Whoa. It’s not the picking-up-the-gun thing that’s startling in itself — the Doctor has done similar before, though not often — but the now-recurring lack of mercy… and the fact that Jex drove him to it. “Looking at you, Doctor, is like looking into a mirror, almost,” Jex the war criminal tells him, and this is when the Doctor starts to get really enraged. Jex has him pegged: the Doctor is all rage and guilt and solitude, and we actually see the evidence of that right here. But it took Jex’s “Thank the gods my people weren’t relying on you to save them” to really infuriate him, to drive the Doctor to throw Jex out to the Gunslinger for the cyborg to execute. Very little of this is actually about Jex and Jex’s crimes — it’s about the Doctor’s own guilt over “all the people who died because of my mercy.”

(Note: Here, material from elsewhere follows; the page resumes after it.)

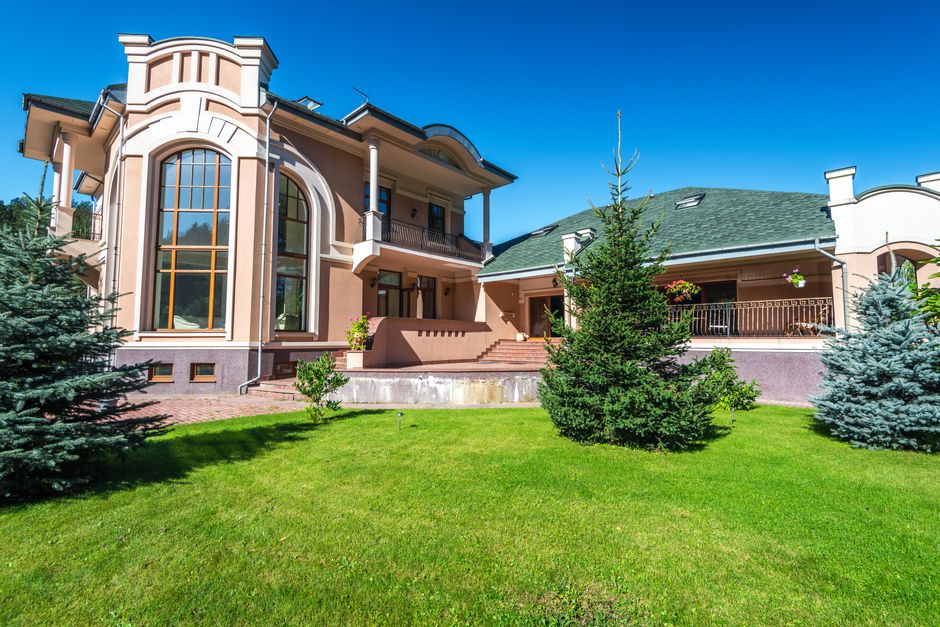 Modern home exterior showcasing new vinyl siding and superior insulation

And it’s hardly expunged here. Which suggests that is still to come. And that perhaps someone else will have to force it upon the Doctor. As the Doctor says to Jex, “You don’t get to decide when and how your debt is paid.” So is someone else going to decide how the Doctor pays the debt he thinks he owes back to, at least, the destruction of Gallifrey?
Jex is a complicated character, arguably at least as good as he is bad. The Gunslinger turns out to be quite poignant, and not a Terminator at all. If neither of them are the villain of this piece, could it be that the Doctor himself is the villain? Not only for his willingness to let Jex be executed but for arranging for Jex and the Gunslinger to take their battle elsewhere, and likely put others in their crossfire? Wouldn’t that make more people the victims of the Doctor’s mercy? He was just berating himself for creating so many such victims, and now he’s doing it again?
Random thoughts on “A Town Called Mercy”:
• So, wait: If the townspeople did not actually pull Jex from a badly damaged spaceship — since his ship isn’t damaged at all, at least not to outward appearances — then how did he arrive in the town?
• I laughed out loud at the Western-movie cliché: the stranger walking through the swinging saloon doors, the townsfolk going quiet.
That’s often what happens to the Doctor metaphorically, but usually not quite so literally.
• Woodgrain credits this time:
• Ben Browder!
That is all.
• Oh, and not to freak you out or anything, but you know how Isaac the marshal calls the Doctor “son”? Yeah, it’s not meant literally, but still: Ben Browder is actually old enough to be Matt Smith’s father.
• But the Doctor is now 1,200 years old. I’ve lost track of where we are with his age. Is he actually 1,200 years old, and if so, there’s centuries of adventures we’ve missed out on…
• The bit in which the Doctor, Amy, and Rory are passing the shot-up hat back and forth?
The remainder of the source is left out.